I think I've got this figured out, so recording my answer in case someone else gets stuck with the same problem. This compiles and runs:
use std::collections::HashMap;
struct CacheForMoves {
set_of_moves: Vec<usize>,
cache: HashMap<usize, Vec<Vec<usize>>>
}
impl CacheForMoves {
fn new(set_of_moves: Vec<usize>) -> CacheForMoves {
CacheForMoves {
set_of_moves: set_of_moves,
cache: HashMap::new()
}
}
fn get_for_n(&self, n: usize) -> Option<&Vec<Vec<usize>>> {
self.cache.get(&n)
}
fn insert_for_n(&mut self, n: usize, value: Vec<Vec<usize>>) {
self.cache.insert(n, value);
}
}
fn stairs(cache: &mut CacheForMoves, n: usize) -> Vec<Vec<usize>> {
return match cache.get_for_n(n) {
Some(result) => result.clone(),
None => stairs(cache, n - 1)
}
}
fn main() {
let mut cache = CacheForMoves::new(vec![1, 2]);
cache.insert_for_n(1, vec![]);
let result = stairs(&mut cache, 4);
println!("Found {} possible solutions: ", result.len());
for solution in result {
println!("{:?}", solution);
}
}
There are 2 main changes:
stairs no longer returns &Vec<Vec<usize>> and instead returns Vec<Vec<usize>>Some(result) case, we return result.clone() instead of result.2 is a consequence of 1, so let's focus on why 1 is necessary and why it fixes the problem. The HashMap owns the Vec<Vec<usize>>, and so when the original implementation returned a &Vec<Vec<usize>>, it was returning a reference to a memory location owned by the HashMap. If someone were to mutate the HashMap, say by deleting an entry, since the HashMap owns the Vec<Vec<usize>>, the HashMap would conclude that it's safe to deallocate the memory being used by the Vec<Vec<usize>>, and I'd end up with a dangling reference.

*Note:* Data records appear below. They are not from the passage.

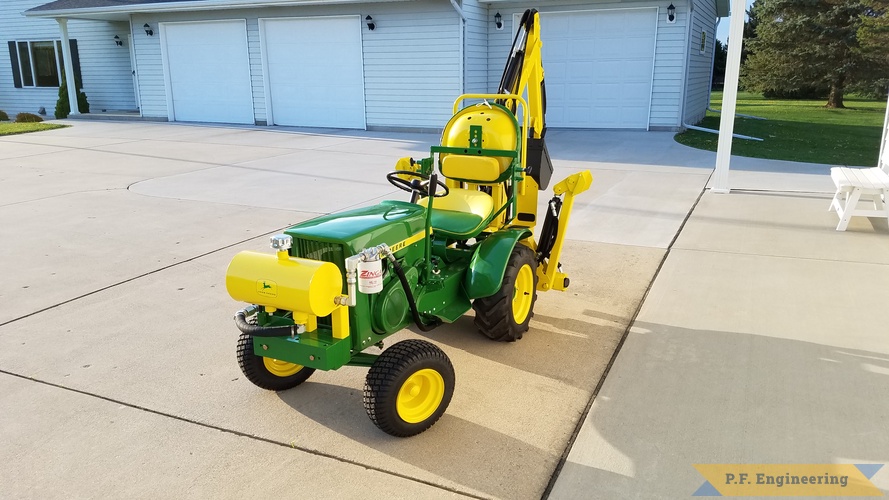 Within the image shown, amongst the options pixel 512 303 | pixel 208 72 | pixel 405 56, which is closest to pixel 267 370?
pixel 512 303

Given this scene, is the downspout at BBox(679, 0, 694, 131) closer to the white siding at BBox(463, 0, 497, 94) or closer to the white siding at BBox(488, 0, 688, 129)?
the white siding at BBox(488, 0, 688, 129)

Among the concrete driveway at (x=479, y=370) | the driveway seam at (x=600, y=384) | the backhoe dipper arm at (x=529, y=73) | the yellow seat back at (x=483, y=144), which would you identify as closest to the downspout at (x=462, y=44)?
the concrete driveway at (x=479, y=370)

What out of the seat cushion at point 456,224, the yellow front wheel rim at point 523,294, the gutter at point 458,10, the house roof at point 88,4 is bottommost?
the yellow front wheel rim at point 523,294

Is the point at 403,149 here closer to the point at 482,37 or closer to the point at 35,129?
the point at 482,37

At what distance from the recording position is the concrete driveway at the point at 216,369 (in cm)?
271

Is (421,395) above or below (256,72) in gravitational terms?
below

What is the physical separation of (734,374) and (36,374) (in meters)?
3.74

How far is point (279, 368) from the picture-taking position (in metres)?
3.34

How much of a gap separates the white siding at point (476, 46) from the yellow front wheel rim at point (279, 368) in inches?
451

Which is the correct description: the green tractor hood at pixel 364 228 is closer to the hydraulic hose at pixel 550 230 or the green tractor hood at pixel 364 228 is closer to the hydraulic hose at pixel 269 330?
the hydraulic hose at pixel 269 330

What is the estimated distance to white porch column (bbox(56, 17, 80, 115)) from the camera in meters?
18.0

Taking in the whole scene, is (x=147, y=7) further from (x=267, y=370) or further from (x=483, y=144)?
(x=267, y=370)

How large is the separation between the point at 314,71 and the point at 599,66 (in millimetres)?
6561

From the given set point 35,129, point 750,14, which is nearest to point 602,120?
point 35,129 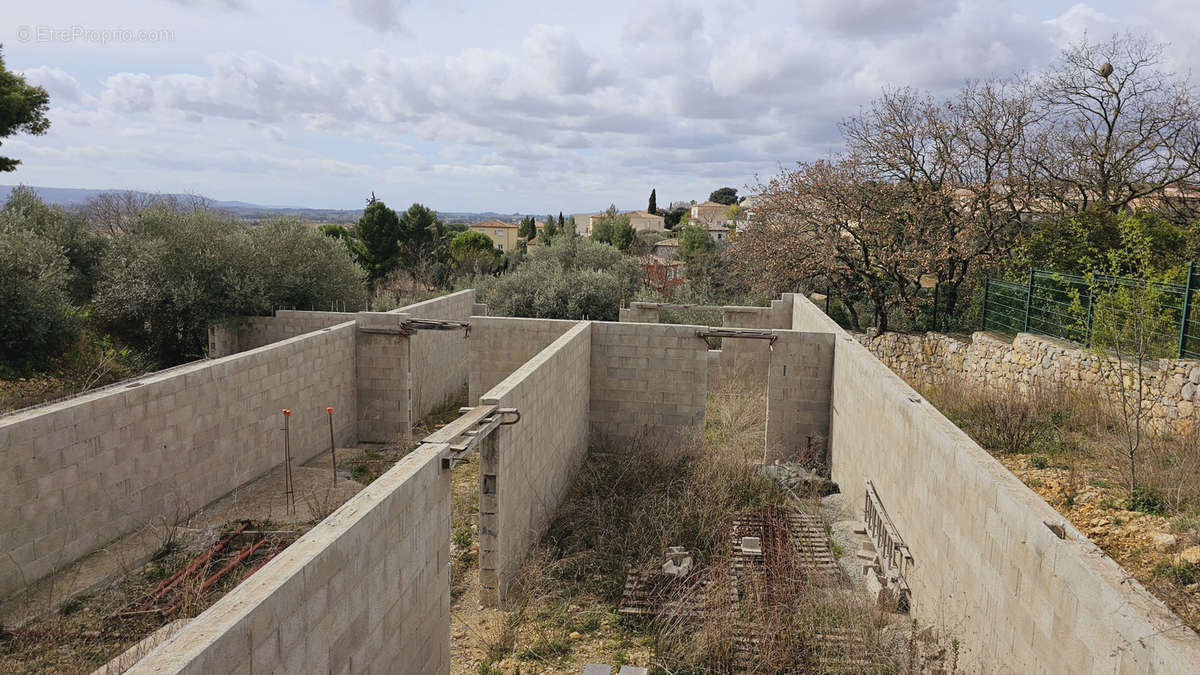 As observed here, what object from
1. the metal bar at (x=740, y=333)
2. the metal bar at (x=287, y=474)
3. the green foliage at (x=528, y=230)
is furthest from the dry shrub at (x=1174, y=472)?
the green foliage at (x=528, y=230)

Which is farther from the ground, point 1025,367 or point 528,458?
point 1025,367

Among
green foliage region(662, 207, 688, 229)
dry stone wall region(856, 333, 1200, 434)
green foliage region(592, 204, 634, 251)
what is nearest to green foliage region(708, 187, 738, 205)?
green foliage region(662, 207, 688, 229)

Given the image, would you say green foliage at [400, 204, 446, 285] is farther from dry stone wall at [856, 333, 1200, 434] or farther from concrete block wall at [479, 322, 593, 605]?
concrete block wall at [479, 322, 593, 605]

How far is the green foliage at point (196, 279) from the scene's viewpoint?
16.4m

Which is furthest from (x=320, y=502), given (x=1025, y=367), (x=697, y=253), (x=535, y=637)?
(x=697, y=253)

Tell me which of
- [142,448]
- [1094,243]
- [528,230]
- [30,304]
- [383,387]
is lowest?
[383,387]

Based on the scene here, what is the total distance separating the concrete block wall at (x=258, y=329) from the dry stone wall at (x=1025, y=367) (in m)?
12.4

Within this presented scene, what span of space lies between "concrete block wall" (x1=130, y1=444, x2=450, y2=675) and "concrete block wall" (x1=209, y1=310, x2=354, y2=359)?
32.9 feet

I can only return a &Vec<Vec<usize>> as long as I can guarantee no one will mutate the HashMap for as long as the &Vec<Vec<usize>> reference exists, and since I'm returning the &Vec<Vec<usize>> reference to my caller, that essentially means I need to guarantee that the HashMap is immutable forever (since I have no idea what the caller might do).